- **WORK TO BE COMPLETED**:
Search the records for the line with "vidaXL Преносим калъф". Output that line and each line after it, exactly, and stop at the end; omit pictures.

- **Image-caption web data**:
▼

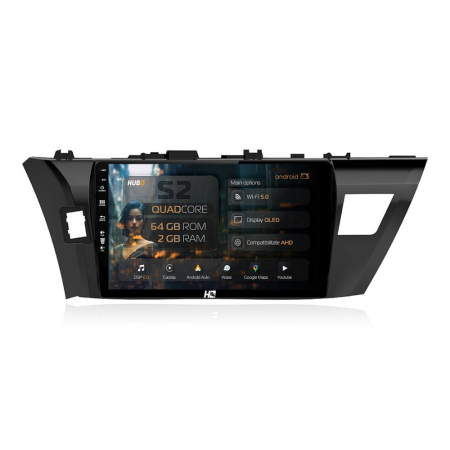 Navigații Toyota Corolla 2013-2018 - Navigatie Carplay Toyota Corolla 2012-2016 2GB | Hub64.ro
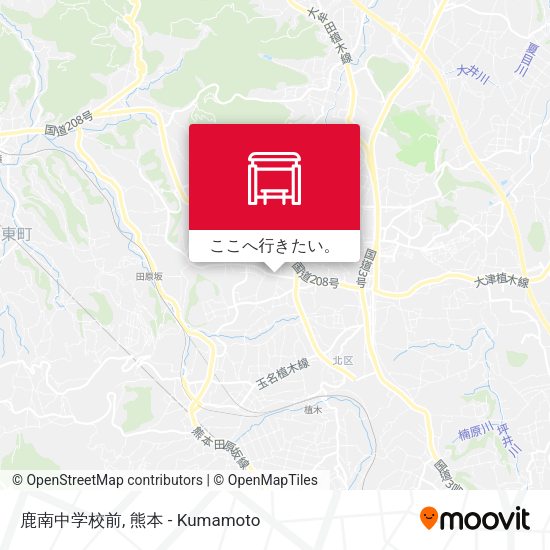鹿南中学校前地図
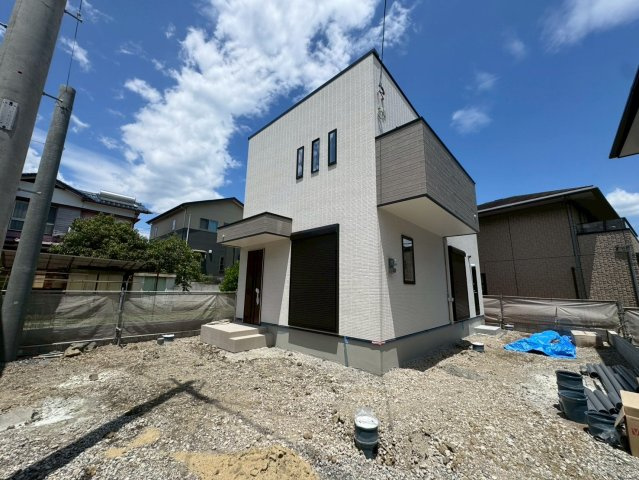 SUN COURTーサンコート－小倉南区中吉田3丁目【小倉南区　新築戸建て】の外観|現地撮影　2025,7,15　SUN COURTーサンコート－小倉南区中吉田3丁目【小倉南区　新築戸建て】
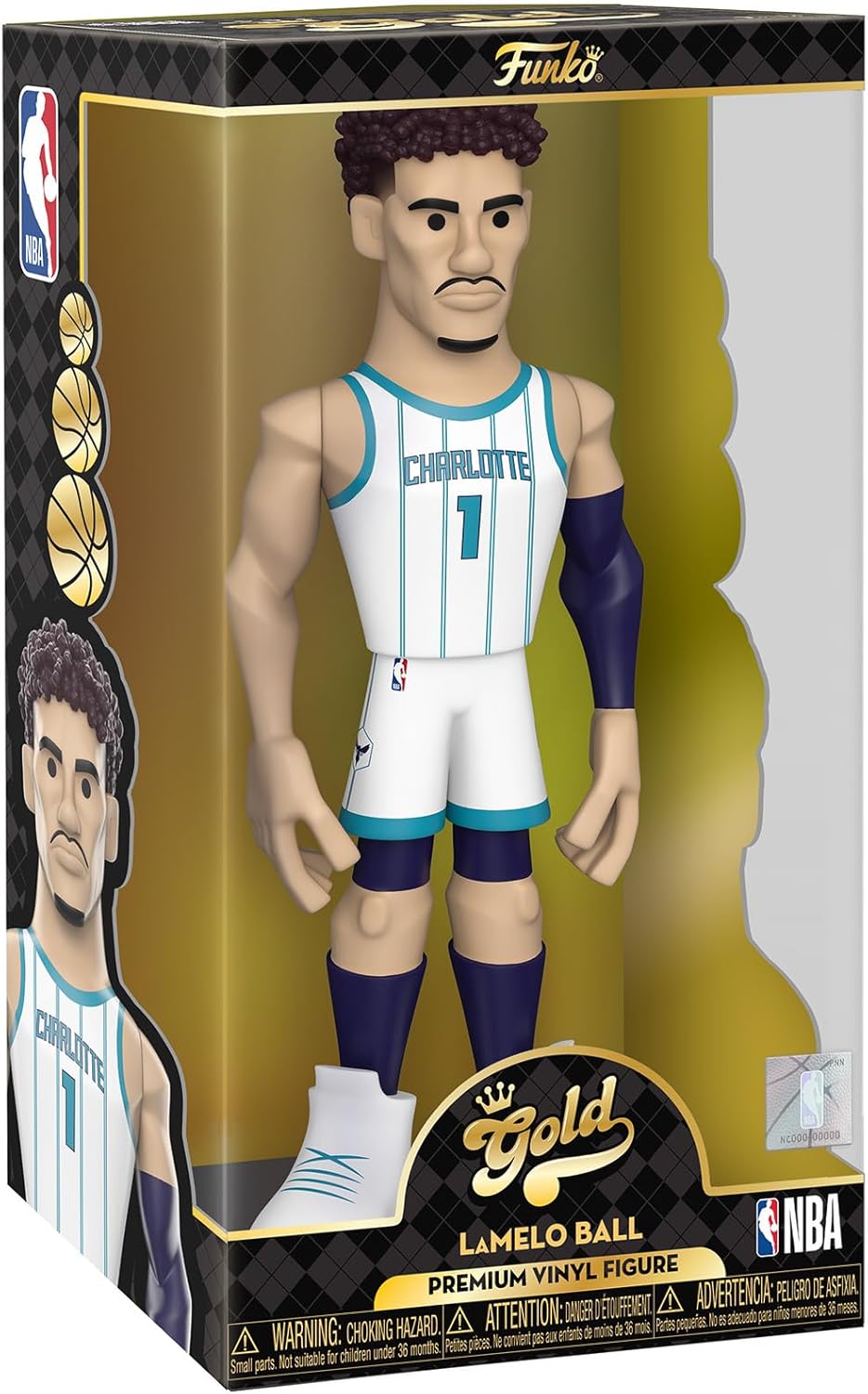 GOLD 12" NBA: Hornets – LaMelo Ball with Chase Variant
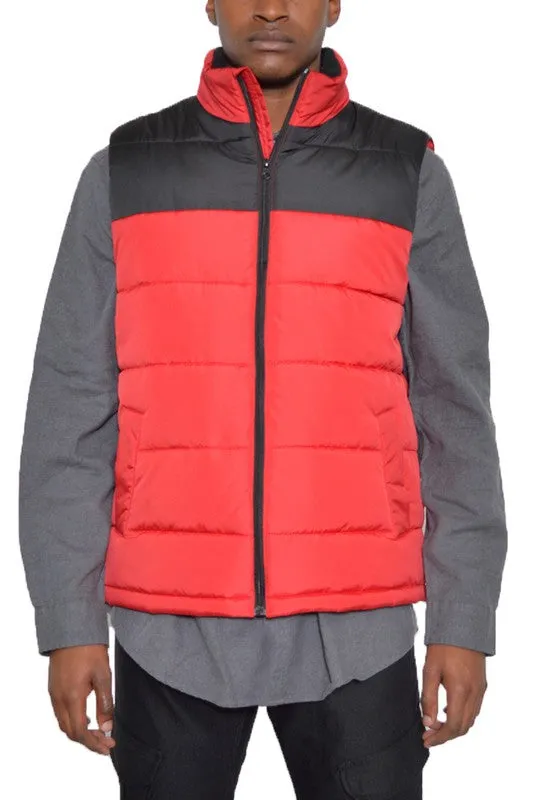 Men's padded Two Tone Puffer Vest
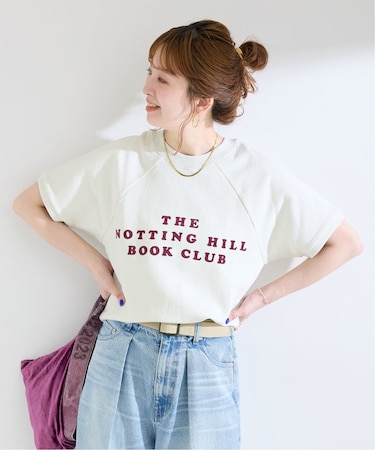 BOOK CLUB / ブッククラブ  別注 コットン裏毛S/Sラグランスウェット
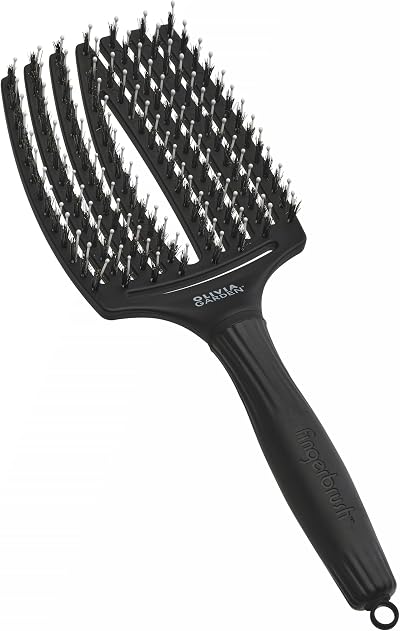 Olivia Garden Fingerbrush Combo Large – Detangler Brush with Boar & Nylon
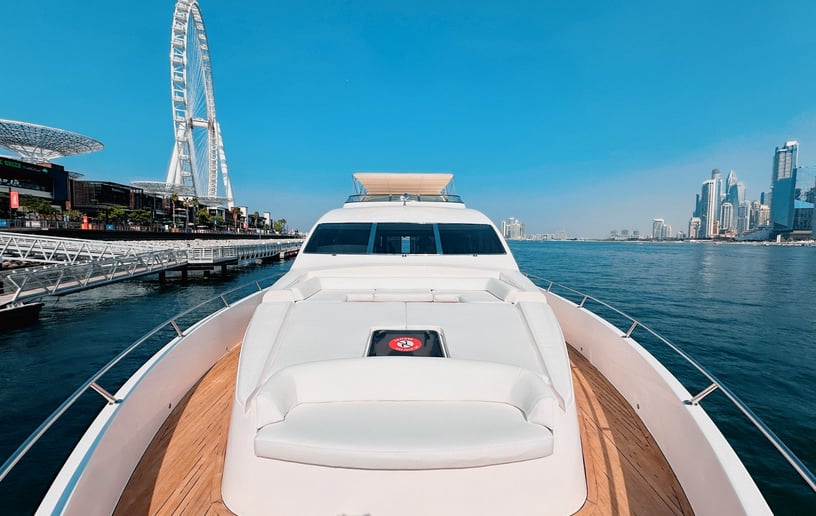 Majesty X34 88 ft Power boat in Dubai Marina for rent in Dubai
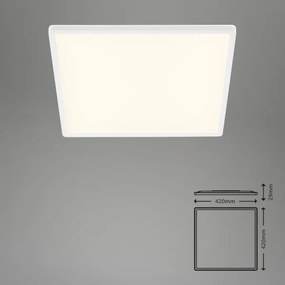 Briloner 7158-416 - LED Mennyezeti lámpa SLIM LED/22W/230V 42x42 cm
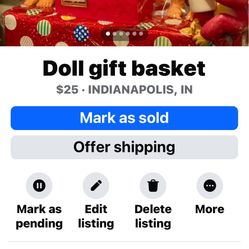 Doll Gift Basket 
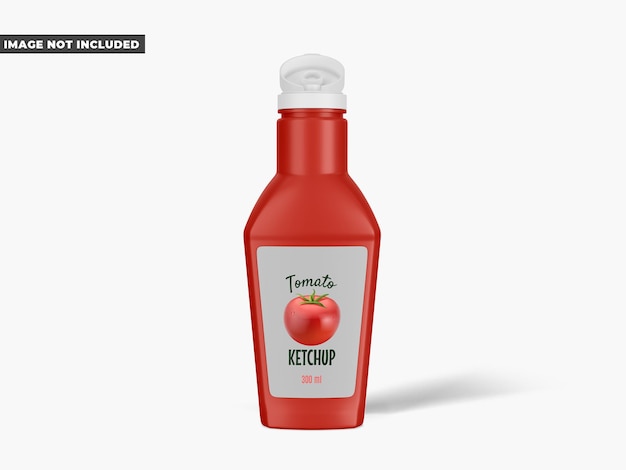 Sauce Bottle Mockup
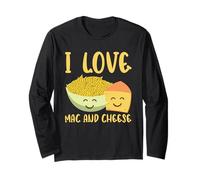 Adoro i maccheroni al Formaggio Maglia a Manica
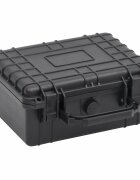 vidaXL Преносим калъф за полет черен 24x19x11 см PP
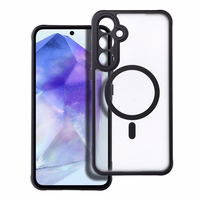 FULL MATTE MAG COVER dėklas telefonui, suderinamas su MagSafe, skirtas SAMSUNG A55 juodas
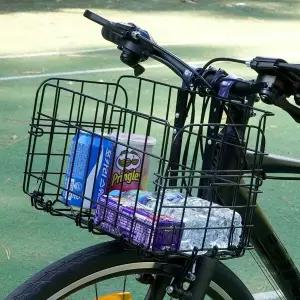 위치조절 C68모델 자전거바구니 접이식자전거바스켓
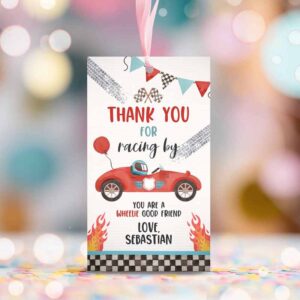 2 editable two fast birthday favor tag red race car party favor tag race car birthday gift tag two fast 2 birthday party instant download vr 1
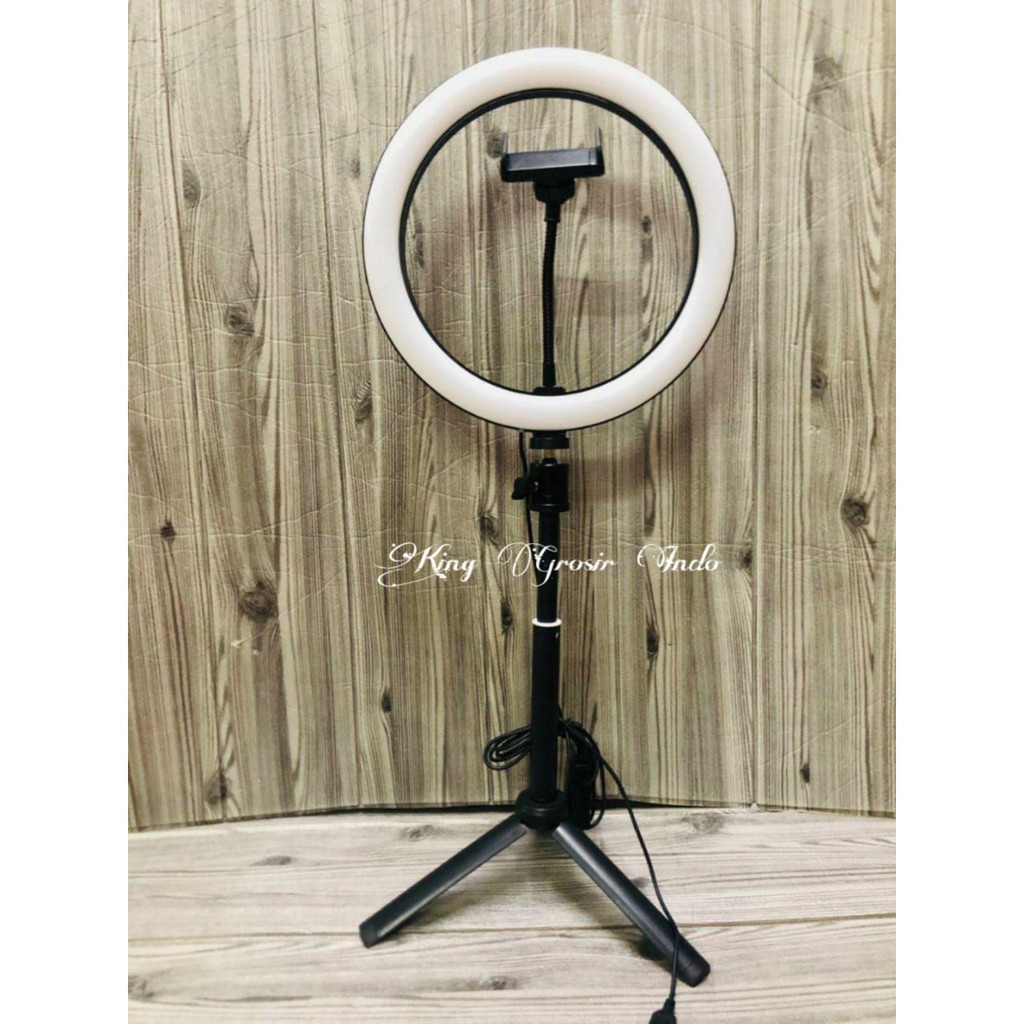 Lampu Selfie / Ring Fill Light ( 26 CM / 10 INCH ) Panjang Tripod Bisa 70 CM Dan 60 CM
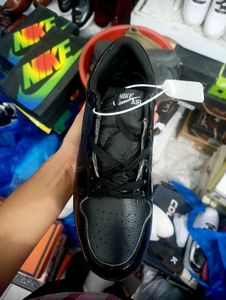 Black Patent Leather Nike Sneakers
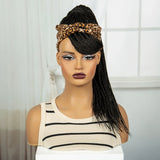 613 Blonde Ponytail Headband Braid Wig with Bangs | Knotless Style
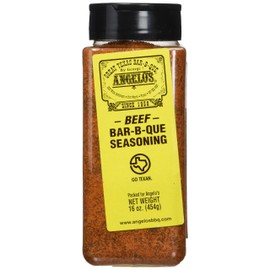 ANGELOS BY GEORGE Beef Barbecue Seasoning, 16 OZ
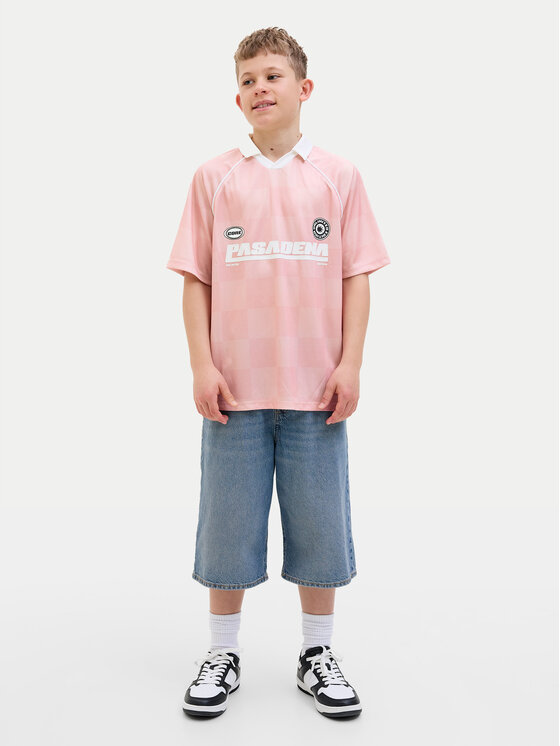 Jack & Jones Junior Jack & Jones Junior Polokošeľa 12278700 Ružová Loose Fit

▲

- **RESULT FOR THIS EXERCISE**:
 vidaXL Преносим калъф за полет черен 24x19x11 см PP
 FULL MATTE MAG COVER dėklas telefonui, suderinamas su MagSafe, skirtas SAMSUNG A55 juodas
 위치조절 C68모델 자전거바구니 접이식자전거바스켓
 2 editable two fast birthday favor tag red race car party favor tag race car birthday gift tag two fast 2 birthday party instant download vr 1
 Lampu Selfie / Ring Fill Light ( 26 CM / 10 INCH ) Panjang Tripod Bisa 70 CM Dan 60 CM
 Black Patent Leather Nike Sneakers
 613 Blonde Ponytail Headband Braid Wig with Bangs | Knotless Style
 ANGELOS BY GEORGE Beef Barbecue Seasoning, 16 OZ
 Jack & Jones Junior Jack & Jones Junior Polokošeľa 12278700 Ružová Loose Fit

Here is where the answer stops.